**DATA UNDER STUDY:**
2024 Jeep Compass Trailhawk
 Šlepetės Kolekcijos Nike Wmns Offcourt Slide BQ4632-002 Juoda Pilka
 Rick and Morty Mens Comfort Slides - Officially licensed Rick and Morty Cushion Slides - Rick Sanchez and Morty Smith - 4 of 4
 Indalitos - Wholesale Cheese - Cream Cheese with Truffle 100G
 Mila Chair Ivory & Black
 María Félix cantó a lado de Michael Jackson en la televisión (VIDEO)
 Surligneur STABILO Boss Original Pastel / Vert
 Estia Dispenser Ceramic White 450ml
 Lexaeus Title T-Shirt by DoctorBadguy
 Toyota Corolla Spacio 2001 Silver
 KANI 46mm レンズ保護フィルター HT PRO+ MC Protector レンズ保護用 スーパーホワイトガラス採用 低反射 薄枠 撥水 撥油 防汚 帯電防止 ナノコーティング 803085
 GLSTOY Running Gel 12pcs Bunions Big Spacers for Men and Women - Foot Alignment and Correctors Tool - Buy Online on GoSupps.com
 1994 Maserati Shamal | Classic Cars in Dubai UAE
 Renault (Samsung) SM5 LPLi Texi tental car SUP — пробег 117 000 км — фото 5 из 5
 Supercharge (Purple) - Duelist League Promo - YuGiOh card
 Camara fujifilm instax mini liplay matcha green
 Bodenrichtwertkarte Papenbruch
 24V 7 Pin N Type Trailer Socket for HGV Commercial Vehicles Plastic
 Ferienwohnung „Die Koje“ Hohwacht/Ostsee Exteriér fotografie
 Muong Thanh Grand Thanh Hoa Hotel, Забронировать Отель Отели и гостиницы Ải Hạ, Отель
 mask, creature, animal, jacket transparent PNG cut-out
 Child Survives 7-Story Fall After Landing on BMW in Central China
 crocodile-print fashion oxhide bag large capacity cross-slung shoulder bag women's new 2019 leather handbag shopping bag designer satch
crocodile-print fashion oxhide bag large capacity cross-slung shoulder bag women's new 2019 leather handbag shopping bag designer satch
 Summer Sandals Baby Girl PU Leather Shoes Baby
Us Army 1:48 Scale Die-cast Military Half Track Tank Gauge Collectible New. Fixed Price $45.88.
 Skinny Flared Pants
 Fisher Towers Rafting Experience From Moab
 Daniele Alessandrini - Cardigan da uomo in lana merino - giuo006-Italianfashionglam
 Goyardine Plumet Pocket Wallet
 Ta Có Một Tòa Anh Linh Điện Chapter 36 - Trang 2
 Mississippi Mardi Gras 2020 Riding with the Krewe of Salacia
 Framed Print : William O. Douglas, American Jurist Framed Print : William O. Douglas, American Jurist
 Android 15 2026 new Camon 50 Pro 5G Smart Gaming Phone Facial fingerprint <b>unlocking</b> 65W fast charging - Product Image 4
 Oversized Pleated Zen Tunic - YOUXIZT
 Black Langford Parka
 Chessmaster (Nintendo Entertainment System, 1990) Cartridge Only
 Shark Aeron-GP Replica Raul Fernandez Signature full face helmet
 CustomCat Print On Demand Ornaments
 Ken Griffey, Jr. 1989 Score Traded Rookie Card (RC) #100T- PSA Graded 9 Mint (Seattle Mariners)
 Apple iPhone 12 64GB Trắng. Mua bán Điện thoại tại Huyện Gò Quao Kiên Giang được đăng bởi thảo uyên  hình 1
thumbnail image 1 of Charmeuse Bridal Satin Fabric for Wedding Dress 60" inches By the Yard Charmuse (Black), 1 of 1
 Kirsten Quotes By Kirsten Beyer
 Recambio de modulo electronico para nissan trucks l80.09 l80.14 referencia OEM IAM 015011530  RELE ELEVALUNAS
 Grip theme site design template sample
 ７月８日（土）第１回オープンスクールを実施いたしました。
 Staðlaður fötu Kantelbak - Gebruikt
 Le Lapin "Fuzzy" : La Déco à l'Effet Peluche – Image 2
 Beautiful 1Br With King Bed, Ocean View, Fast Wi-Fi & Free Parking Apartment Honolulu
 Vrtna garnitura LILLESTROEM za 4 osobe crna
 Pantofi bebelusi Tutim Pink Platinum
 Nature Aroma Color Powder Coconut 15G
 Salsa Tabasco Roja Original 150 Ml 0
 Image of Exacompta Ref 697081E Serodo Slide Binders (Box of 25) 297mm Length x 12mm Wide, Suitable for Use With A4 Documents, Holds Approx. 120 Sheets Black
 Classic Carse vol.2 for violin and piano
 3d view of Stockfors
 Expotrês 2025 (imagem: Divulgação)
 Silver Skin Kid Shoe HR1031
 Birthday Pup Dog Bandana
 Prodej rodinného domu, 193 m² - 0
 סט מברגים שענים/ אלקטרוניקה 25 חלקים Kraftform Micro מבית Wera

**YOUR ASSIGNMENT:** Output these and nothing else: the lines from the one holding "Image of Exacompta" through the final line of the entries above, exactly as they appear.

**EXERCISE ANSWER:**
 Image of Exacompta Ref 697081E Serodo Slide Binders (Box of 25) 297mm Length x 12mm Wide, Suitable for Use With A4 Documents, Holds Approx. 120 Sheets Black
 Classic Carse vol.2 for violin and piano
 3d view of Stockfors
 Expotrês 2025 (imagem: Divulgação)
 Silver Skin Kid Shoe HR1031
 Birthday Pup Dog Bandana
 Prodej rodinného domu, 193 m² - 0
 סט מברגים שענים/ אלקטרוניקה 25 חלקים Kraftform Micro מבית Wera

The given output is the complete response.